- [MATERIALS PROVIDED]
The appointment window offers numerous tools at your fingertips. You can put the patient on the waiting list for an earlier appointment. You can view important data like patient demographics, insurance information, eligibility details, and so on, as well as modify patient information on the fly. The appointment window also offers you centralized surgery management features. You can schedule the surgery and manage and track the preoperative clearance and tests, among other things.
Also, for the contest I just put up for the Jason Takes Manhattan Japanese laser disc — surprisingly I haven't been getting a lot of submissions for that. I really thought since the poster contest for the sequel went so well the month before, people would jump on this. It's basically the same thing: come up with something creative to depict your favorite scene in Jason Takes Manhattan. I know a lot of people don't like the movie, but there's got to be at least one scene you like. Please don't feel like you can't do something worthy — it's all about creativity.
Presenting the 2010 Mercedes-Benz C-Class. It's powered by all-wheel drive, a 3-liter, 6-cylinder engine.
---
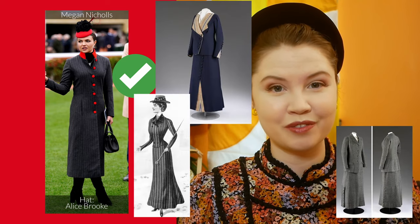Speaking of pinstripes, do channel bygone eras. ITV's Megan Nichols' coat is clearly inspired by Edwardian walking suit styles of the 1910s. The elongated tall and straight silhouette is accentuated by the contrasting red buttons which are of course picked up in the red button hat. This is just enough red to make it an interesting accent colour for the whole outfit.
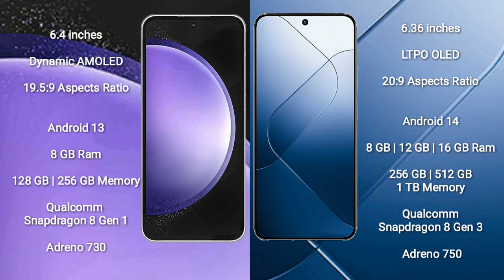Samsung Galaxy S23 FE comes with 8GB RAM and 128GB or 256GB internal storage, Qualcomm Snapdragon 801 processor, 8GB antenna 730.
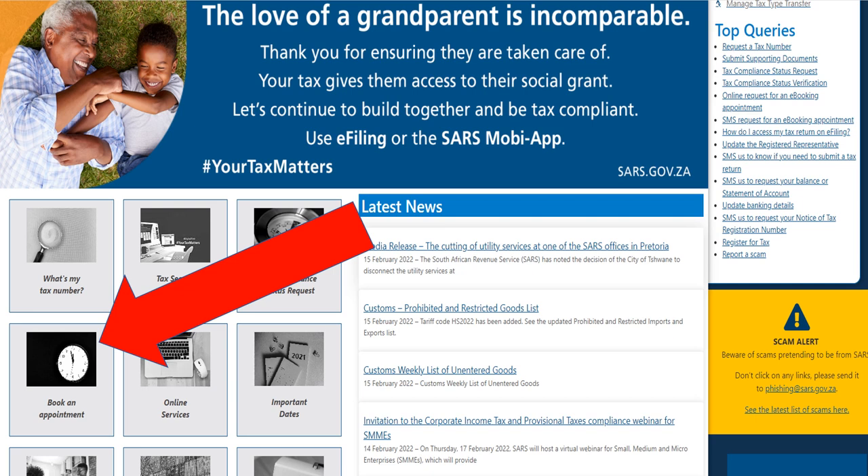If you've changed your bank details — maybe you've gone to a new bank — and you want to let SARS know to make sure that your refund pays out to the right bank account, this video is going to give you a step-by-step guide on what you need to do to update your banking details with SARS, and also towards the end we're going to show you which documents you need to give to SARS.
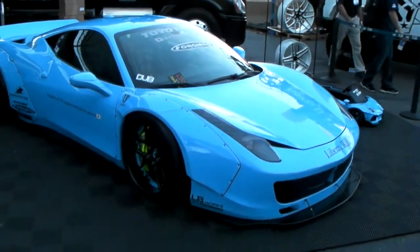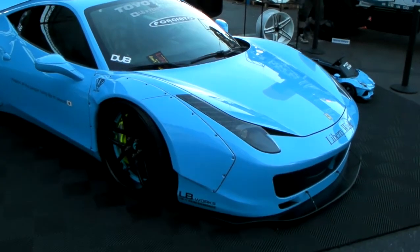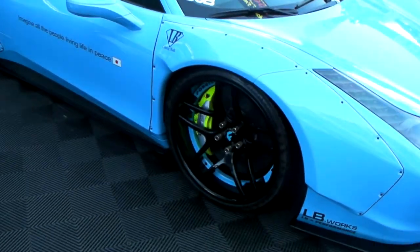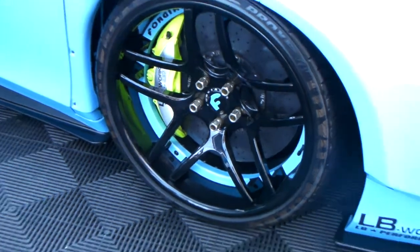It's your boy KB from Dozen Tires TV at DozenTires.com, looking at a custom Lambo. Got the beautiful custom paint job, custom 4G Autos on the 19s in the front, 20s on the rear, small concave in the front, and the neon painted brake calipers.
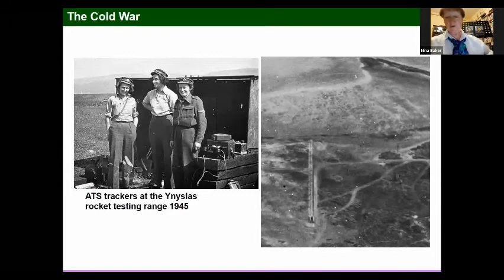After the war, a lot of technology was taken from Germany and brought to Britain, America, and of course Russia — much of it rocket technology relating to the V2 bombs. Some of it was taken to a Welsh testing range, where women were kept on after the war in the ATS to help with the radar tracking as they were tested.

- [ASSIGNED TASK] Retype only this portion of the data above: the line containing "Also, for the", the line containing "Presenting the 2010", and all lines between them, exactly.

- [RESULT BELOW]
Also, for the contest I just put up for the Jason Takes Manhattan Japanese laser disc — surprisingly I haven't been getting a lot of submissions for that. I really thought since the poster contest for the sequel went so well the month before, people would jump on this. It's basically the same thing: come up with something creative to depict your favorite scene in Jason Takes Manhattan. I know a lot of people don't like the movie, but there's got to be at least one scene you like. Please don't feel like you can't do something worthy — it's all about creativity.
Presenting the 2010 Mercedes-Benz C-Class. It's powered by all-wheel drive, a 3-liter, 6-cylinder engine.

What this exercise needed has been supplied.